EXERCISE REQUIREMENTS:
Below this line is a set of entries; quote exactly the lines from the line that contains "Txeol Men's Fashion" to the line that contains "2014 Tesla Model", both lines included.

-=-=-

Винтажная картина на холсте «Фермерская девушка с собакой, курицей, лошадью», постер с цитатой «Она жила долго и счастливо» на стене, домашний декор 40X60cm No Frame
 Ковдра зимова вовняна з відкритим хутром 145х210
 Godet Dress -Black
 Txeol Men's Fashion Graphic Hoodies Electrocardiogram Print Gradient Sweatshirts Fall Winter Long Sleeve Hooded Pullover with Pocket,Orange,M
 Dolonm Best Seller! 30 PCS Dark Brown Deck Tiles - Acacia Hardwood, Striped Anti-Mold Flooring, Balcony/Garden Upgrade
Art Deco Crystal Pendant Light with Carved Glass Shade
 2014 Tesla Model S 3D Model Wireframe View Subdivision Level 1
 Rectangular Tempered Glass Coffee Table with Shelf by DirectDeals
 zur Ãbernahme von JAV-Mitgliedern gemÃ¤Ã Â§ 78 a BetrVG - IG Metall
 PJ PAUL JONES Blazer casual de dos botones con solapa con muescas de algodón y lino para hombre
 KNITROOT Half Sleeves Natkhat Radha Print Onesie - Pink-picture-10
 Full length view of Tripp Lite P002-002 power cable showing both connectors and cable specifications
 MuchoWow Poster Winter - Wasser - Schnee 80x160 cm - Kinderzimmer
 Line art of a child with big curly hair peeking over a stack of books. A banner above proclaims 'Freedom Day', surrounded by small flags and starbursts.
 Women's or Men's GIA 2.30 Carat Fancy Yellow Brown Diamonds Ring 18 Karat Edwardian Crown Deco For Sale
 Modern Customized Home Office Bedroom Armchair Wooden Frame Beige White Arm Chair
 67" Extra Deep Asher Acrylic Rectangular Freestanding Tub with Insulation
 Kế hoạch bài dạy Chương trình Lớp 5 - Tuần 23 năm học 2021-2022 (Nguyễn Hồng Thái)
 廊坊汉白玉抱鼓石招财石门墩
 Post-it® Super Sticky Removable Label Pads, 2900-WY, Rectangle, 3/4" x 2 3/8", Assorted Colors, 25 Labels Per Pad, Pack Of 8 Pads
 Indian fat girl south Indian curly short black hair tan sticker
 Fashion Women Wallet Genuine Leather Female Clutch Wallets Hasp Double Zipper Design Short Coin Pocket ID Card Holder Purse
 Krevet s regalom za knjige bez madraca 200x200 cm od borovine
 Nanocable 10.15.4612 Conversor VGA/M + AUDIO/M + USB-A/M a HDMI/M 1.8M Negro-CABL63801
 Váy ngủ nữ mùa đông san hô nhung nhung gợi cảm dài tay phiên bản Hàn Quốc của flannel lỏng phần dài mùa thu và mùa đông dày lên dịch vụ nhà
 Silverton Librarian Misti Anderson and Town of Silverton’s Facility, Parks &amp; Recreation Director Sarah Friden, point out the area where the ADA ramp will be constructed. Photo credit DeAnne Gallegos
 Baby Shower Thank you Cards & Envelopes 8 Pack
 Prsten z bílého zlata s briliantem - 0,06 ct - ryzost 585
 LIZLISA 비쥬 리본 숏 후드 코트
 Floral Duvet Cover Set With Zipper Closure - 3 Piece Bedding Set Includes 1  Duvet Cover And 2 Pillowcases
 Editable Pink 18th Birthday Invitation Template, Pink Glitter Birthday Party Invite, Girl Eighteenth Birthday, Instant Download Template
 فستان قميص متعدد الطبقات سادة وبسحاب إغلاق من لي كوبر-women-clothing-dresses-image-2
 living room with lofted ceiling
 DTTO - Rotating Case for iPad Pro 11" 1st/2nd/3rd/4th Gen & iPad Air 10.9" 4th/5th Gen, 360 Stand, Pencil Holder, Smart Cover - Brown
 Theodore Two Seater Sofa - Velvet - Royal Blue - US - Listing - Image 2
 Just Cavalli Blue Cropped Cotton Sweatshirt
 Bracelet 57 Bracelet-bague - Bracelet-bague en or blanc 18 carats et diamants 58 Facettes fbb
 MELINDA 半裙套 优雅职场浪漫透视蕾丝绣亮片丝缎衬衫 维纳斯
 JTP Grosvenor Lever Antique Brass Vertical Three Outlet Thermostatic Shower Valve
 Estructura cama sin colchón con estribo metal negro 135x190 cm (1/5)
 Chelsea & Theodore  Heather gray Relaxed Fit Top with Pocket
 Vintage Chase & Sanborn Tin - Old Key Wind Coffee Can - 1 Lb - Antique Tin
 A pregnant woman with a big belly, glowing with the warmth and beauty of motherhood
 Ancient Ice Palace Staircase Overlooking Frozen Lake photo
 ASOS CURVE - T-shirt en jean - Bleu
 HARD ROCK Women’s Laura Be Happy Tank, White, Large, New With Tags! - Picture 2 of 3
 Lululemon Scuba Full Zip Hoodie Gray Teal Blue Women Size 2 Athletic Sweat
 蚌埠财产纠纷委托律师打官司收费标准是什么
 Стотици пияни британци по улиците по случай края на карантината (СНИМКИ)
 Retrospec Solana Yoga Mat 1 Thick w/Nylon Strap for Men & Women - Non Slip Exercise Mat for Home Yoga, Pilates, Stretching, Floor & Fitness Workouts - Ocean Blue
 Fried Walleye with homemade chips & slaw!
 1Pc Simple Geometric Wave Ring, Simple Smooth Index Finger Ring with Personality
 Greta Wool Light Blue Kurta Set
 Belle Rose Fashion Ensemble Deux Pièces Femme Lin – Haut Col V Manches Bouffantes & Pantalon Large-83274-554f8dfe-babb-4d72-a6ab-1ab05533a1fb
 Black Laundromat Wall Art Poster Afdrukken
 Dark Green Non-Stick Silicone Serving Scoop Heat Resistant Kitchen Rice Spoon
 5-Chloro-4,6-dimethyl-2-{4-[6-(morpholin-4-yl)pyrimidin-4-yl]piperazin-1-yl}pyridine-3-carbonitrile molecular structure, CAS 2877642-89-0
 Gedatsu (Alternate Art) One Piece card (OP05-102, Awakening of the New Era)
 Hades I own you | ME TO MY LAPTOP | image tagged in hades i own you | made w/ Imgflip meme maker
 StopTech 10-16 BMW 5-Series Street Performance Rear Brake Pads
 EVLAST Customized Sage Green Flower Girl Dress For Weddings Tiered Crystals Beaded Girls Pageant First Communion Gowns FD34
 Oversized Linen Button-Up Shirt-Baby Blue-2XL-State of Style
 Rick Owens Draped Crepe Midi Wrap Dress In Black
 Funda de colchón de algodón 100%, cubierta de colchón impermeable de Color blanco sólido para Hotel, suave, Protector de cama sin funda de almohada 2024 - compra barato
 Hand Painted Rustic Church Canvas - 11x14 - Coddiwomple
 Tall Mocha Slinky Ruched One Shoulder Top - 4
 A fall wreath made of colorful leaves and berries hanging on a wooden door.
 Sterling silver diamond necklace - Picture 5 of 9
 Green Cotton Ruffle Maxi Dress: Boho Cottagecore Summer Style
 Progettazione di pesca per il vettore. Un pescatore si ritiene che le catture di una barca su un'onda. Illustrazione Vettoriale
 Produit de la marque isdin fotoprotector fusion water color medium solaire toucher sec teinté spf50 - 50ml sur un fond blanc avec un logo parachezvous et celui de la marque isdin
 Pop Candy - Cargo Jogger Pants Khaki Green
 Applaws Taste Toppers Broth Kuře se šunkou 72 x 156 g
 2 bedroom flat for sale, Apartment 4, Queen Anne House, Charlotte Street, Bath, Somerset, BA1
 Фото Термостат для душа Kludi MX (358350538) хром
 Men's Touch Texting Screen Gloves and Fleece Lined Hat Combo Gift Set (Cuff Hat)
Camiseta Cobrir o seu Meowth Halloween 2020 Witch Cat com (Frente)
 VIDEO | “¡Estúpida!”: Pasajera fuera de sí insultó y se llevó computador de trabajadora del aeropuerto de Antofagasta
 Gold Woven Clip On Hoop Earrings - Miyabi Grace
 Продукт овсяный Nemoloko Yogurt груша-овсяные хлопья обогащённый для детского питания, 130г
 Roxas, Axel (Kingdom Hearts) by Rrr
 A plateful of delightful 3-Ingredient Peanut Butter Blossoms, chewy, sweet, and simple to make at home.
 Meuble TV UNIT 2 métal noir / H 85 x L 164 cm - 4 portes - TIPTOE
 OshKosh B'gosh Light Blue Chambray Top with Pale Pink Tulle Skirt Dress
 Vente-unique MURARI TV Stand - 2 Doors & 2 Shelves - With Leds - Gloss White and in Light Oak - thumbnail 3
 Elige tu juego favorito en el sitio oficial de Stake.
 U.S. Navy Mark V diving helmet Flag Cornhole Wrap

-=-=-

RESPONSE FOR THIS EXERCISE:
 Txeol Men's Fashion Graphic Hoodies Electrocardiogram Print Gradient Sweatshirts Fall Winter Long Sleeve Hooded Pullover with Pocket,Orange,M
 Dolonm Best Seller! 30 PCS Dark Brown Deck Tiles - Acacia Hardwood, Striped Anti-Mold Flooring, Balcony/Garden Upgrade
Art Deco Crystal Pendant Light with Carved Glass Shade
 2014 Tesla Model S 3D Model Wireframe View Subdivision Level 1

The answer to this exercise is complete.